Tuesday, July 14, 2020

How stress triggers inflammation

Acute stress seems to amplify inflammatory disease despite the fact many stress hormones such as cortisol actually suppress the immune system. Qing et al. show that this is because the rise in adrenaline (epinephrine) and norepinephrine levels during acute stress triggers the release of the pro-inflammatory cytokine interleukin-6 (IL-6) by brown fat cells. IL-6 is the signal for liver release of the glucose needed for the fight or flight response, but this comes at the cost of enhancing mortality to a subsequent inflammatory challenge. Here is their abstract:

• IL-6 is the dominant endocrine cytokine induced by acute stress in mice
• Stress-inducible IL-6 is produced in brown adipocytes via ADRB3 signaling
• IL-6 is required for stress hyperglycemia and adaptive “fight or flight” responses
• Stress-induced IL-6 decreases tolerance to a subsequent inflammatory challenge
Acute psychological stress has long been known to decrease host fitness to inflammation in a wide variety of diseases, but how this occurs is incompletely understood.
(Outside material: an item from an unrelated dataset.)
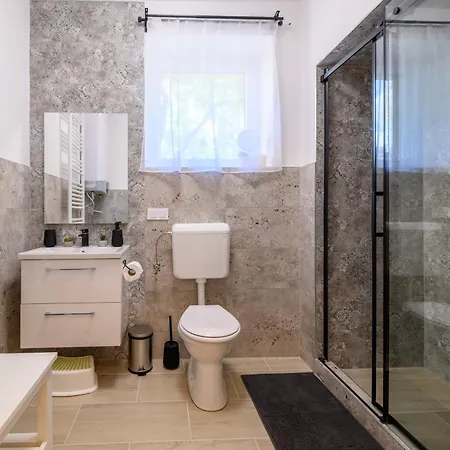Zentrea Apartment
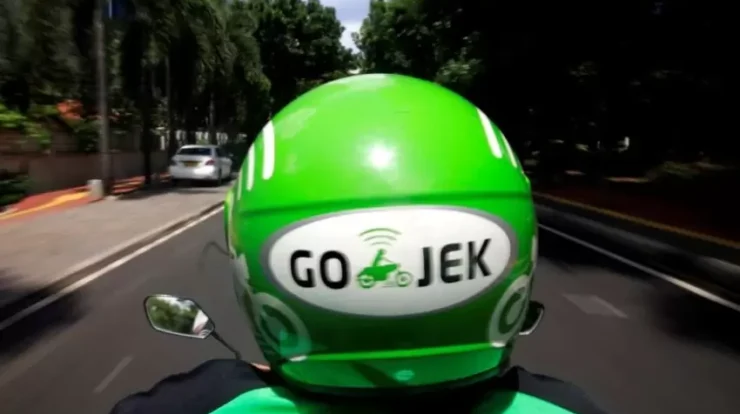 Suspend Gojek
Using mouse models, we show that interleukin-6 (IL-6) is the dominant cytokine inducible upon acute stress alone. Stress-inducible IL-6 is produced from brown adipocytes in a beta-3-adrenergic-receptor-dependent fashion. During stress, endocrine IL-6 is the required instructive signal for mediating hyperglycemia through hepatic gluconeogenesis, which is necessary for anticipating and fueling “fight or flight” responses. This adaptation comes at the cost of enhancing mortality to a subsequent inflammatory challenge. These findings provide a mechanistic understanding of the ontogeny and adaptive purpose of IL-6 as a bona fide stress hormone coordinating systemic immunometabolic reprogramming. This brain-brown fat-liver axis might provide new insights into brown adipose tissue as a stress-responsive endocrine organ and mechanistic insight into targeting this axis in the treatment of inflammatory and neuropsychiatric diseases.